Of course it helps in appreciating all this (as it did with The Method Gun) if you're a theatre geek; otherwise you may wonder sometimes what's going on - when the class launched into the "counting" exercise for the umpteenth time, for instance, my partner whispered to me, "What the HELL are these people doing???" Even he, however, began to get into the mumblecore groove, as Baker's poignant hidden drama made itself steadily clearer. Lives are, indeed, smashed up casually in Circle Mirror Transformation, and this is inevitably moving.

Still, it's worth pointing out, I think, that in the end this is elevated melodrama - indeed, Baker's script is at least as melodramatic as Bus Stop, it's just at infinite pains to disguise that fact. Not that there's anything wrong with that.  And if I like Inge, I should therefore like Baker too, right?

Well, maybe.  I was certainly touched by Circle Mirror Transformation, but doubts still gnawed at me about its author.

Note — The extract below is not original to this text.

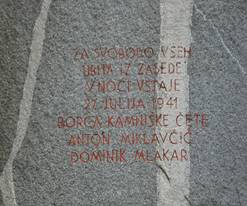 Napis na spomeniku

She's certainly better than Sarah Ruhl, but she's also being "launched" in much the same way, and by some of the same people.  And Baker's smart, but she's hardly Chekhov, and sometimes I felt the reverent subtlety of this production was designed to fool me into thinking she is. And I found myself working hard to feel any sense of real discovery about the fictional New-Age Grover's Corners (dubbed "Shirley, VT," although it's no secret it's actually "Amherst, MA") in which her shy young slips of plays occur. I felt shocks of emotion whenever one of the sad arcs Baker's characters trace came clear; but then I quickly realized, "Oh, yeah - I already like, um, knew that, Annie. Yeah; no.  Yeah."

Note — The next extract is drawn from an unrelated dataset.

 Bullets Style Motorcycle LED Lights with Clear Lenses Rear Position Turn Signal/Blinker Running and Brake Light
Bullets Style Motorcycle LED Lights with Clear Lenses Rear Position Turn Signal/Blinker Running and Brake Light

And there's a certain lack of self-awareness in the play's seeming confidence that the drama-school techniques it depends on "make you a better actor;" certainly as the theatre games grow more and more personal, it strikes us that Baker's crunchy class leader should know better than to play with the kind of emotional fire that's only appropriate to committed actors (don't try these tricks at home!).  In a way, the problem with the play is summed up unwittingly by the authorial factotum Baker places within it - the smart but withdrawn "Lauren" constantly, if self-consciously, questions the madness of the class's method ("Are we going to like do any real acting?" she finally asks).   It slowly dawns on us, though, that Lauren kind of serves as an inadvertent metaphor for the play she's in; like it, she draws attention to herself by struggling to disappear into the woodwork.  Yet  she comes around in the end; in a sweet, flash-forward coda (expertly limned by Marie Polizzano, in a performance that steals scene after scene from this polished ensemble) Lauren admits she now sees the light about the awesomeness of the class and how, like, everything changed but in the end everything turned out for the best, you know?  Hmmm. I'm not sure a great playwright would be so sure; in the end, Circle Mirror Transformation seems to validate rather than challenge its audience's quirky world view.  But I'll soon get two more chances to adjust that opinion.